There’s a wealth of research suggesting that sleep apnea and high blood pressure are a dangerous pair. Obstructive sleep apnea, which occurs when breathing is briefly and repeatedly interrupted during sleep, has been shown to increase risk for high blood pressure. Research also shows that high blood pressure, often referred to as the “silent killer,” can cause sleep apnea or worsen breathing in patients already affected by sleep apnea. Sleep apnea and high blood pressure have both been linked to significantly increased risk for serious complications, such as stroke and heart attack.

Since the two conditions can go hand in hand, researchers reviewed the latest evidence to summarize what we know on the issue, and how to treat patients with both high blood pressure and sleep apnea. The review article was recently published in the medical journal Chest.

As expected, they found that obstructive sleep apnea is most common among middle-aged adults 30–70 years old and occurs more frequently in men than women. Many patients with sleep apnea and/or high blood pressure are obese, which may help explain why many patients are affected by both conditions.

Research suggests that anywhere from 30–50% of patients with high blood pressure have sleep apnea. However, sleep apnea is much more common in patients with resistant hypertension, who have tried a variety of high blood pressure treatments but can’t get their condition under control. Resistant hypertension is a major public health issue, as uncontrolled high blood pressure can lead to serious complications.

The good news is that treatment for sleep apnea may aid in lowering blood pressure levels.  A simple mask called continuous positive airway pressure (CPAP), which helps promote normal breathing during sleep, has been shown to reduce blood pressure levels. CPAP is especially effective in patients with resistant hypertension, serving as a potential treatment for these high-risk patients.

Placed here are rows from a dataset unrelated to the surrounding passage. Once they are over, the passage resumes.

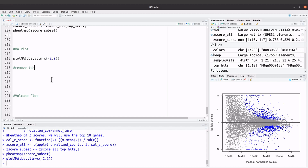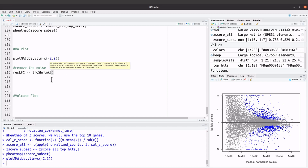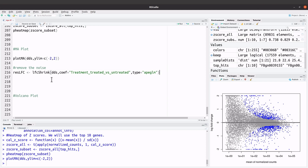We will use the log2 fold change shrinkage. To do that, we say resLFC and then lfcShrink, specifying our DESeq2 object and our coef. The coef is going to be treatment_treated_vs_untreated, and then we indicate the type, which is apeglm. Let's execute this command.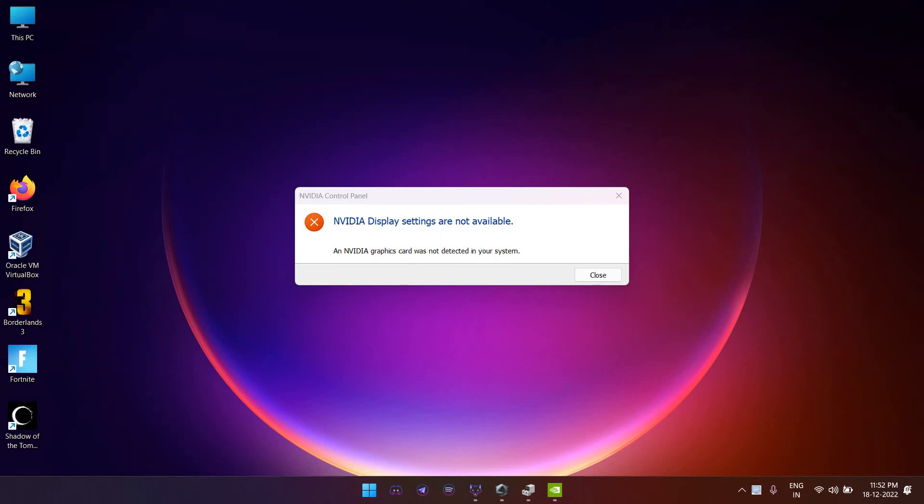Hello, this video is regarding the issue which is coming on ASUS laptops which says NVIDIA display settings are not available when you try to open the GeForce, and an NVIDIA graphic card was not detected in your system.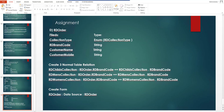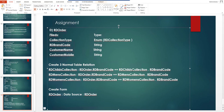Next, create three normal table relations from the RD Order table. The first relation: RD Order's Brand Code is related to the RD Children Collection table's Brand Code. The second: RD Order's Brand Code is related to the RD Men's Collection Brand Code. The third: RD Order's Brand Code is related to the RD Women's Collection table's RD Brand Code. So you need to create three normal table relations.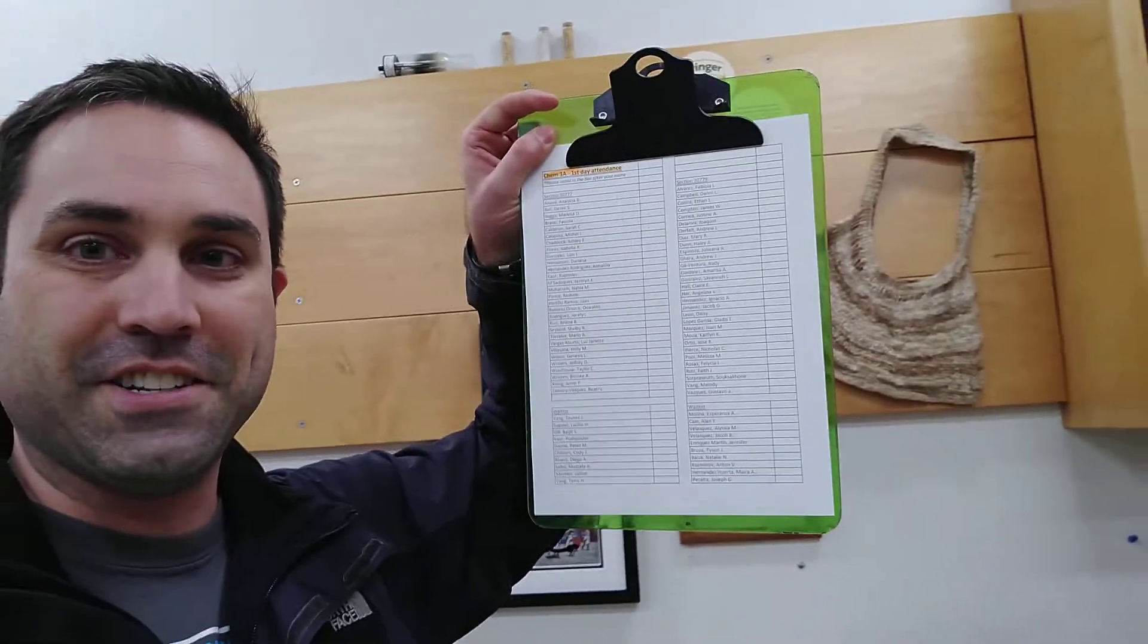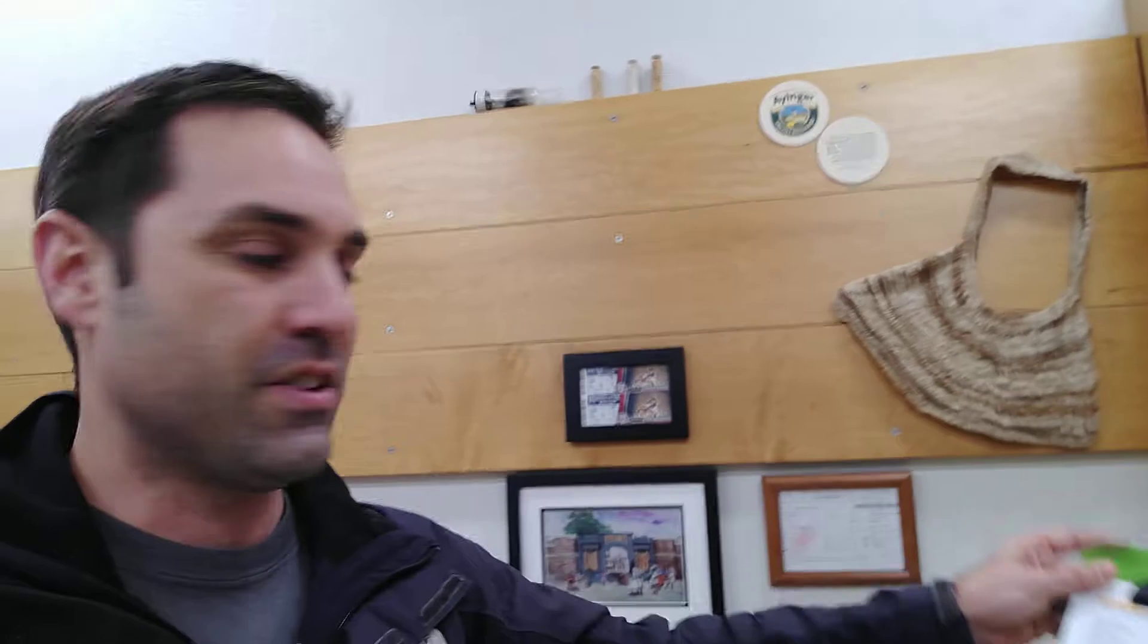The first thing is this should be going around. This is an attendance sheet, so just make sure you check off if you're here or not. That should include everyone who's enrolled in the class and then down at the bottom there should be people who are on the waitlist as well. You can go ahead and check that off.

However, authors encourage future research on the issue, particularly around the impact of sleep apnea treatments on high blood pressure. Although findings are promising, larger studies are needed to assess the benefits of CPAP in patients with high blood pressure. By identifying the most effective combination of treatments for patients with sleep apnea and high blood pressure, the lower patients’ risk will be for potentially serious complications.

Questions for You to Consider

  • How do I know if I have obstructive sleep apnea (OSA)?

  • A telltale sign of OSA is chronic loud snoring, interspersed with sounds of gasping or choking. Often a person isn’t aware of his or her own snoring and it will take a family member or bed partner to point it out. (Not everyone who snores has OSA, however.)  Another prime indicator of OSA for most people is daytime sleepiness, although heart failure patients complain of this symptom less often.

    To confirm that you have OSA, your doctor will send you to an overnight sleep laboratory for specialized testing called polysomnography. If this technology isn’t available where you live, in-home monitoring devices may be an alternative. 

  • How does continuous positive airway pressure (CPAP) work?

  • CPAP is often recommended for patients with moderate to severe sleep apnea. This device delivers air pressure through a mask worn during sleep to help prevent apnea and snoring. However, for patients with mild apnea, the condition can sometimes be treated with lifestyle changes, such as weight loss or quitting smoking.